:: Input for this task
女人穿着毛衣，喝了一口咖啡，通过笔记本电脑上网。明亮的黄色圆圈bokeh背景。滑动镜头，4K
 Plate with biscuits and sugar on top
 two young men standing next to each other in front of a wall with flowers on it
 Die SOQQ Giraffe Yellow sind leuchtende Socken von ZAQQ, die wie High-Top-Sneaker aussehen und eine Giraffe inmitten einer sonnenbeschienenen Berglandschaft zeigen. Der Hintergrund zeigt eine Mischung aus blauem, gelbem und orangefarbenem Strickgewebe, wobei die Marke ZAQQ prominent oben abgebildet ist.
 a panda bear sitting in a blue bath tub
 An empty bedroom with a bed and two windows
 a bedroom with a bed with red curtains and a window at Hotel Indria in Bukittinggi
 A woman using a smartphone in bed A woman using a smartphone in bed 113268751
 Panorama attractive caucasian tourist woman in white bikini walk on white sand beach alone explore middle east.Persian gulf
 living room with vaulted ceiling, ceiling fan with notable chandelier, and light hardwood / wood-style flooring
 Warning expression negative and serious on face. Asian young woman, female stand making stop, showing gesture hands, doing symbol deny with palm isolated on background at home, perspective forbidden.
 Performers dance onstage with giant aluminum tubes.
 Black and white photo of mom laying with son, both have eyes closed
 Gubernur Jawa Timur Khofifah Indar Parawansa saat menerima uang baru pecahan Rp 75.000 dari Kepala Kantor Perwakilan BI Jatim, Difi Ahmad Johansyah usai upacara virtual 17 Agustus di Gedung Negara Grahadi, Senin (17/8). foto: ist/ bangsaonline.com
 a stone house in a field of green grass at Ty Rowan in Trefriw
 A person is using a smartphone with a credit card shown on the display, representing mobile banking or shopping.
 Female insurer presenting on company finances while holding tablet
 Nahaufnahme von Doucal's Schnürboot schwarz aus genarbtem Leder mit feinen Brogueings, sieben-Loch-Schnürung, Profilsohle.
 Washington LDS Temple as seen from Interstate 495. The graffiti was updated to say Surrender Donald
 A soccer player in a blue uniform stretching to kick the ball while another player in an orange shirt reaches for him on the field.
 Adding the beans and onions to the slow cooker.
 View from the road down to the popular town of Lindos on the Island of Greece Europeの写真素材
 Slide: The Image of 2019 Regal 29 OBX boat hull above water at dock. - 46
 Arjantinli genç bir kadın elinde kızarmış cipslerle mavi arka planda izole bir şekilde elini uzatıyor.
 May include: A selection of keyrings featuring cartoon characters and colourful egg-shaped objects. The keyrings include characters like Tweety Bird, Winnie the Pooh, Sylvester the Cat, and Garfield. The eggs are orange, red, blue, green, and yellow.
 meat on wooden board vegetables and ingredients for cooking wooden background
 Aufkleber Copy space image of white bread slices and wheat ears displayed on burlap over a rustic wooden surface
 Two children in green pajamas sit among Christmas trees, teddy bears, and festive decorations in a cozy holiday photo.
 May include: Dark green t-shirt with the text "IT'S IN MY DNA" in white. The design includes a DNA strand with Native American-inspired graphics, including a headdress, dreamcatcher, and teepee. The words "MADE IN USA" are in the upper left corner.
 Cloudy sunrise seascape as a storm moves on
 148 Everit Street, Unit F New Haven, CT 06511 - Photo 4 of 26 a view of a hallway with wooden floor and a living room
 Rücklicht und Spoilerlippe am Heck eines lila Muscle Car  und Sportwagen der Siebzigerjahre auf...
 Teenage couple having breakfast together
::::
- What to do -
In the entries above, find the line holding "An empty bedroom with a bed and two windows" and the line holding "Panorama attractive caucasian"; print both of them and every line between, exactly, and nothing else.

- Finished exercise -
 An empty bedroom with a bed and two windows
 a bedroom with a bed with red curtains and a window at Hotel Indria in Bukittinggi
 A woman using a smartphone in bed A woman using a smartphone in bed 113268751
 Panorama attractive caucasian tourist woman in white bikini walk on white sand beach alone explore middle east.Persian gulf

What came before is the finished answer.